Just as authors have moral obligations before, during, and even after writing a research paper, reviewers are encouraged to adhere to ethical guidelines throughout the peer review process, as outlined by the Committee on Publication Ethics (COPE).
The COPE framework may initially seem overwhelming, but it mainly consists of three categories of responsibilities: confidentiality, objectivity, and diligence.
For the most part, the paper will be written like any other essay or research paper, but there are some key differences.
An ethics paper will generally require you to argue for a specific position rather than simply present an overview of an issue.
She has worked as a Social Studies Teacher, Curriculum Coordinator, and an SAT Prep Teacher.
She received her MA in Education from the Stanford Graduate School of Education in 2014.
Confidentiality is critical to prevent the theft of ideas, which could compromise the originality of a new study.
To this end, peer reviewers should adhere to the following guidelines: Regarding the last guideline, some have noted that recommended additions should be directly pertinent, as well as feasible in terms of both cost and time required.

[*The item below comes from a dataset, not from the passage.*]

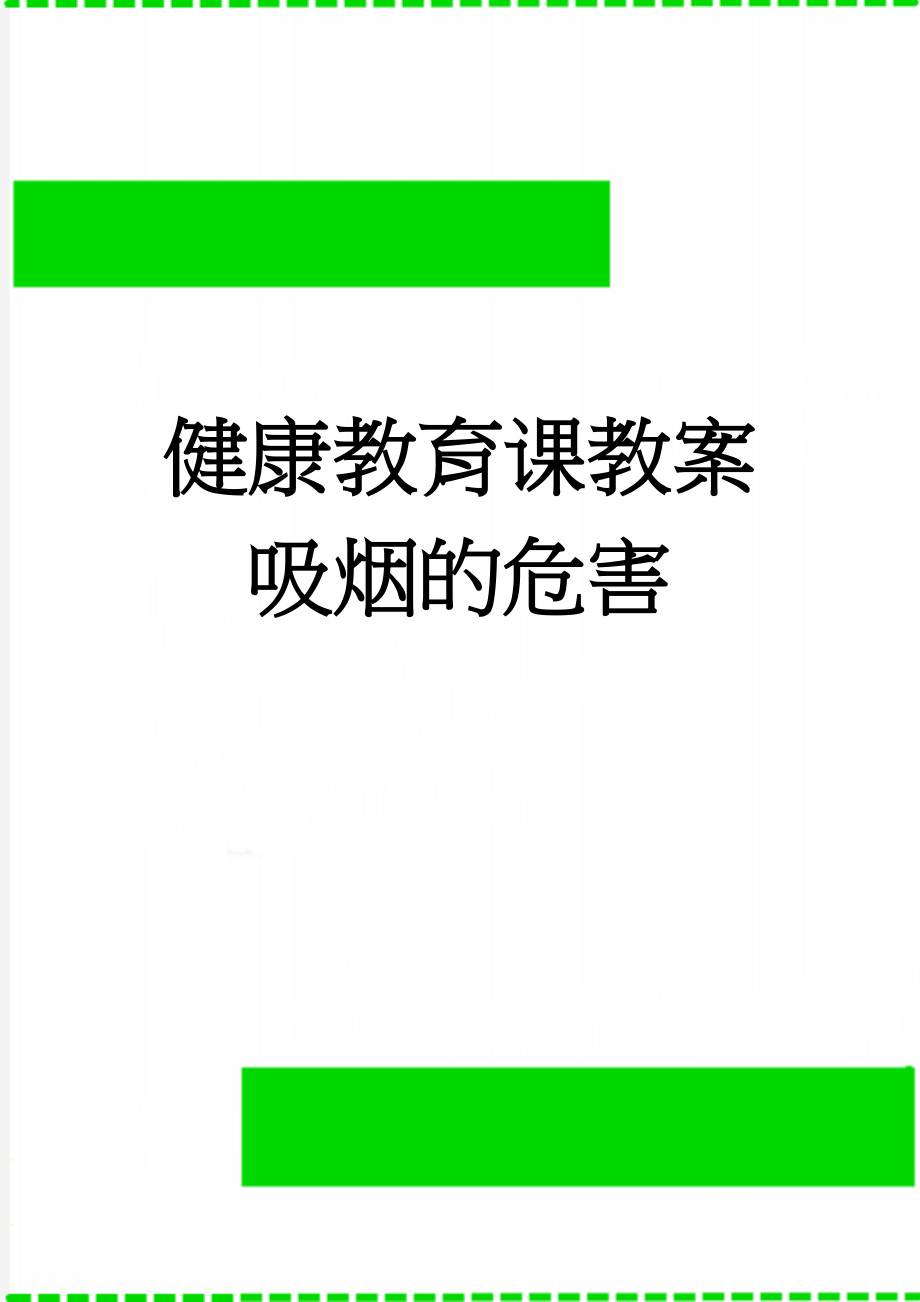 健康教育课教案吸烟的危害(6页).doc_第1页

Here are some of the problems encountered by researchers and how to overcome them. Owning a mutual fund that contains shares of the company? Disclosure policies have become so complicated that it’s best to go over a checklist of a publication’s guidelines during the writing process, and refer to it periodically to make sure you are covering all bases. But what about applying a two-sigma statistical screen to exclude outlying data points?

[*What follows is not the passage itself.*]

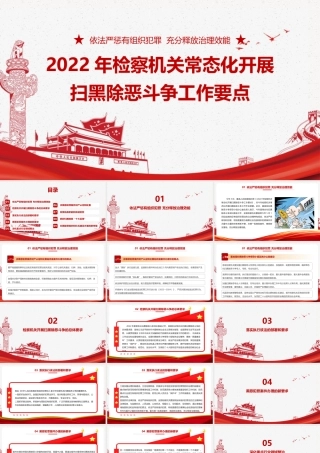 《2022年检察机关常态化开展扫黑除恶斗争工作要点》摘要PPT课件.pptx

Defining ethical behavior is surprisingly difficult. Some things are obvious: don’t fake research, don’t take credit for another’s work, disclose conflicts of interest. For example, when publishing a research paper, what exactly constitutes a financial conflict of interest that must be reported? It’s not fun to have a paper published and suddenly realize, Wait, I didn’t disclose XYZ! Not a problem if you disclose the practice, and if the screen doesn’t change your conclusions.